Now lying on their sides covered by three feet of earth, they remained undiscovered until archaeologists equipped with ground-penetrating radar probed the area around the famous stone circle on Salisbury Plain.
They are the most important find to emerge so far from the Hidden Landscapes project which is using state-of-the-art technology to map “invisible” archaeological features embedded in the Wiltshire countryside.
The stones, some measuring nearly four and a half metres, were placed along the south-eastern edge of what later became the Durrington Walls “superhenge” – a circular enclosure ringed by a ditch and bank that at nearly 1.5 kilometres across is the largest earthwork of its kind in the UK.
Experts believe the stones, which may have been imbued with magical properties, were not originally part of the henge but were deliberately toppled before being incorporated into it.

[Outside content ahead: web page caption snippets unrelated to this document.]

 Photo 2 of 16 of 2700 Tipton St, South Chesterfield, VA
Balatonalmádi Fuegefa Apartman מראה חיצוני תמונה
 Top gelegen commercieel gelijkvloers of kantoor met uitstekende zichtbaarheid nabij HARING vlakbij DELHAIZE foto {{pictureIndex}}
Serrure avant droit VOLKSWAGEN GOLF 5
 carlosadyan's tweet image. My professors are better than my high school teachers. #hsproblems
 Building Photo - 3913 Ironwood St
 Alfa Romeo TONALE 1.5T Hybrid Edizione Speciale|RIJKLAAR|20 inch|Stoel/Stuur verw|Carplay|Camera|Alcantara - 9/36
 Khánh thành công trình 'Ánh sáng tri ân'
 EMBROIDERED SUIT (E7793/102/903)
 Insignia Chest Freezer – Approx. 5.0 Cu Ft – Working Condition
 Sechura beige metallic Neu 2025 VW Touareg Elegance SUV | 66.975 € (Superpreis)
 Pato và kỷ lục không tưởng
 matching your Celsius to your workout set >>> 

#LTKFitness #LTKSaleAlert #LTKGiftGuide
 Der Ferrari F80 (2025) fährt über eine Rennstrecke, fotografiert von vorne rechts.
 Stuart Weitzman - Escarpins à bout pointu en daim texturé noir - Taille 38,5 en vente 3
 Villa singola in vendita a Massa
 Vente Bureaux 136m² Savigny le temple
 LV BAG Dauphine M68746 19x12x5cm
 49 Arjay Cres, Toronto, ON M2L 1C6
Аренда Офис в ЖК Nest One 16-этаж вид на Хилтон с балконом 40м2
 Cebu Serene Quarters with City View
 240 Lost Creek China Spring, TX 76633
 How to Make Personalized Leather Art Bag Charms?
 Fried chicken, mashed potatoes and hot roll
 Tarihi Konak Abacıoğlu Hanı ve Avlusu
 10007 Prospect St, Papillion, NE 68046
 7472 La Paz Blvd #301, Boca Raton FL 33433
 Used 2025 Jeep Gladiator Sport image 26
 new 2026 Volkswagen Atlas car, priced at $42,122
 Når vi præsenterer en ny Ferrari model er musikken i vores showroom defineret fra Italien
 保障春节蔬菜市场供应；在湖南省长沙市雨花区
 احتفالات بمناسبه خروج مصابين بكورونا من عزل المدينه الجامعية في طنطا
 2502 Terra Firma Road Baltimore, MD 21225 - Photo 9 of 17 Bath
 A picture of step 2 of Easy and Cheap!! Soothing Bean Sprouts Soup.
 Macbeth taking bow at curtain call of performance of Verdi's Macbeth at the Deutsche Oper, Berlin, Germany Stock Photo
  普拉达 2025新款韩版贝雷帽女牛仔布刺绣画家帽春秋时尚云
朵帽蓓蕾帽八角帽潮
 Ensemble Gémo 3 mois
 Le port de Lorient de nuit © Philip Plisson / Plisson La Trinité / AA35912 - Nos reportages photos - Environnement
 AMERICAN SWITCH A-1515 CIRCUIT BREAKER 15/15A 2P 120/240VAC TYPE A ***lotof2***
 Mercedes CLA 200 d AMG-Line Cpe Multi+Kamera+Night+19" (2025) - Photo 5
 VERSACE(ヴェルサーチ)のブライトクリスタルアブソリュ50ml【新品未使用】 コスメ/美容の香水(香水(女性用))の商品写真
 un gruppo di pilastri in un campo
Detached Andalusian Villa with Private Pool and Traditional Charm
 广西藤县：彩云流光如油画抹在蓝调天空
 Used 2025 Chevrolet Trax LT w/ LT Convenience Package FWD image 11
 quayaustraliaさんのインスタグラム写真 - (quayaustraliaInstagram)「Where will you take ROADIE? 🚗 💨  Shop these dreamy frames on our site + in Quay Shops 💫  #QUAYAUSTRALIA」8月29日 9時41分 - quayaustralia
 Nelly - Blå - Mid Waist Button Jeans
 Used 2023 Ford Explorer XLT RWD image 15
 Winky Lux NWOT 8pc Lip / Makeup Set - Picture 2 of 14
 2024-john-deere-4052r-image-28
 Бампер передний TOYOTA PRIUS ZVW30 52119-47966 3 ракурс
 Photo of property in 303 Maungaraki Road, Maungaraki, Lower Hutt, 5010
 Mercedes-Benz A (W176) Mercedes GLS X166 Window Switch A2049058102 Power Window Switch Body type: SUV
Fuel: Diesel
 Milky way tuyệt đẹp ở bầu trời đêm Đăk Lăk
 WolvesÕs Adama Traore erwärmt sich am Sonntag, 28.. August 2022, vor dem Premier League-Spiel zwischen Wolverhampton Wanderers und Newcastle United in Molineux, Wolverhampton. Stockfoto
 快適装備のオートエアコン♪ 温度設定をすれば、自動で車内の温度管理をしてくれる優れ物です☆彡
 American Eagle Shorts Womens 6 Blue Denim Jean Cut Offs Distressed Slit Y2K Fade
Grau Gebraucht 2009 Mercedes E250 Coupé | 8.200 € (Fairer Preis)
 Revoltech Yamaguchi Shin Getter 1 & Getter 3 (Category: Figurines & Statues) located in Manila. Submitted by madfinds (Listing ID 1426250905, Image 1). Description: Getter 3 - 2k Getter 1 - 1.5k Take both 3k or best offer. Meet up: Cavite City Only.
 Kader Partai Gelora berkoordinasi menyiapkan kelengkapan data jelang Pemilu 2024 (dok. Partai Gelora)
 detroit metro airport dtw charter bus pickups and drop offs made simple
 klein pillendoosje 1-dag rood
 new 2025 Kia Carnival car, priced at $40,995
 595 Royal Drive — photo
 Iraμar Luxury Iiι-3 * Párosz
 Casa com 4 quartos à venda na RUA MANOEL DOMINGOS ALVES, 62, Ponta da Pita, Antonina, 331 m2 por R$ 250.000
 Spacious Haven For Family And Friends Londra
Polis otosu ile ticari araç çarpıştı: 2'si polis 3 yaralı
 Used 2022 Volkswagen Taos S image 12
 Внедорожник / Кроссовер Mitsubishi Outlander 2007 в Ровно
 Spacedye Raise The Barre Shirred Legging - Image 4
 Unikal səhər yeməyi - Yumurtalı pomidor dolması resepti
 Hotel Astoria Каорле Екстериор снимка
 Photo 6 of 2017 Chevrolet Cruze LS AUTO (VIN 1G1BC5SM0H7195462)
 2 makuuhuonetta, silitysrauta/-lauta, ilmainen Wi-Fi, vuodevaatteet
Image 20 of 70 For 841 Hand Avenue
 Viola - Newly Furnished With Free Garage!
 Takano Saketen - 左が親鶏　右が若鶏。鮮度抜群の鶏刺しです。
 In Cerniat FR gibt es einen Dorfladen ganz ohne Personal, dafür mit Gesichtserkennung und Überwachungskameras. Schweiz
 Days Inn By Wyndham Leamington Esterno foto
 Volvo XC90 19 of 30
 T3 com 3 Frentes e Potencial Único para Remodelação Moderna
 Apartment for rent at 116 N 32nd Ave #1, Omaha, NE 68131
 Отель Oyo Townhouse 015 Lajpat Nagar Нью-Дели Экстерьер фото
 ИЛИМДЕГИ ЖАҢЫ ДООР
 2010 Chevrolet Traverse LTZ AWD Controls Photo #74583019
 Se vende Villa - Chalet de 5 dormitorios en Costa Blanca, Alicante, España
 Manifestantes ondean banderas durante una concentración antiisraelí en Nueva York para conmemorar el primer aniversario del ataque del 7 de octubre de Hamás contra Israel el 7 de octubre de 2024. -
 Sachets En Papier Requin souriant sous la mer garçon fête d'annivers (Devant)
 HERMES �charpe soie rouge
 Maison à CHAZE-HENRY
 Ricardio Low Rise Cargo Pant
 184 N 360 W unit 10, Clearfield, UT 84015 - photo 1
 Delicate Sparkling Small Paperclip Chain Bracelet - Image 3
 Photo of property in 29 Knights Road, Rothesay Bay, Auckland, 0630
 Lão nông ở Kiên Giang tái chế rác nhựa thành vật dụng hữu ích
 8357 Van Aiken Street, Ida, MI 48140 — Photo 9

Professor Vince Gaffney, from the University of Bradford, one of the archaeologists leading the project, said “we’re looking at one of the largest stone monuments in Europe and it has been under our noses for something like 4,000 years.”
“It’s truly remarkable,” he said.
“We don’t think there’s anything quite like this anywhere else in the world. This is completely new and the scale is extraordinary.
“We presume it to be a ritual arena of some sort. These things are theatrical. They’re designed to impress and impose; to give the idea of authority to the living and the dead.
“It really does create a massive impression and was clearly important enough to have been drawn into the developing landscape.”
Ninety stones have been discovered so far and there may be more. What kind of material they are made of is unknown but they could be similar to the giant sandstone “sarsens” of Stonehenge.
Prof Gaffney believes the stones may have been planted by the same people who built Stonehenge, but is sceptical about a direct link between the two monuments.
They were placed along a steep slope, or scarp, cut into a natural dry valley to form a C-shaped feature.
Precisely why the stones were put there remains a mystery. Part of Durrington Walls is aligned with the rising sun on the winter solstice, the shortest day of the year, which may be significant.
The archaeologists believe that at some stage the stones were pushed over and incorporated into the emerging henge.
This was not an act of vandalism but a deliberate attempt to preserve whatever it was about the stones that seemed so important.
“There was a transformation in the landscape that we do not understand,” Prof Gaffney said.
“The stones had significance. These are special places. Societies are mobilised, as with the great cathedrals, to create these things.”